I had the ideal summer vacation in my head. My family and a place to swim, boat, run, hike, jump, splash, climb and explore. I needed a lake or a river. Maybe I needed both. Then I saw an old issue of Sunset Magazine with this photo. It looked perfect!
The article was all about the South Yuba River, a lesser-known cousin to the American River just 30 miles to the East. What caught my eye was the article’s reference to numerous hidden swimming holes. This was exactly what I wanted for my boys.
A week later I had rented a cabin on a small lake — complete with 6 canoes, 2 kayaks, and a dog-friendly policy — and just 3 miles from South Yuba. We were all set.
I’d love to tell you about all the running I have been doing in this natural wonder. Well, I haven’t run a lick. The best laid plans… My husband could only come for the weekend, so lacking any other adults, I have a great excuse to sleep in, bake, and spend my days swimming, boating, and hiking with my kids.
But today the boys and I hiked a trail that made me think of all my running friends. We choose the South Yuba Independence Trail, because it is rated very easy. When you have three elementary school boys, you want to play it safe. It’s fab for kids and is in fact the country’s first wheelchair-accessible trail. It took our crew, including the still-hobbling but soooo much better Wishbone, three-and-a-half wonderful hours to go 5 miles, including two stops for swimming.
The trail, an out and back, is just about 2.5-miles in either direction. Slightly longer if you take the Jones Bar Road turn off. You could make this anywhere from a short trail run to 14+ miles.
Even though you are at the gateway to the Sierra Mountains, your elevation stays level, hovering around 1200′.
Two super-cool findings include the wooden bridges — called flumes — and the swimming hole at mile two along the Western path. There are geckos everywhere, plentiful vegetation, waterfalls, creeks, and many places to sit and enjoy.
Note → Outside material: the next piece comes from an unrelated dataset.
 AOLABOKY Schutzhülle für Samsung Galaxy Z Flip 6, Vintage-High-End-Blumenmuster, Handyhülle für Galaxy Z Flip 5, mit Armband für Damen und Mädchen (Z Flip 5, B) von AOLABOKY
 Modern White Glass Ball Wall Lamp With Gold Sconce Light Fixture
The area was originally developed in 1854 by a group of miners who needed water. They built a 27-mile waterway that connected the Yuba River to Smartville. The system was discovered in 1969 by a museum docent, John Olmstead. His friend was a wheelchair bound man who dreamt of a trail system that would allow him to ride in his chair and still touch the wildflowers. The Independence Trail is his dream come true.
Directions: the Independence Trail is on State Highway 49, about six miles north of Nevada City, just after you enter South Yuba State Park. Park on either the right or left side of the highway.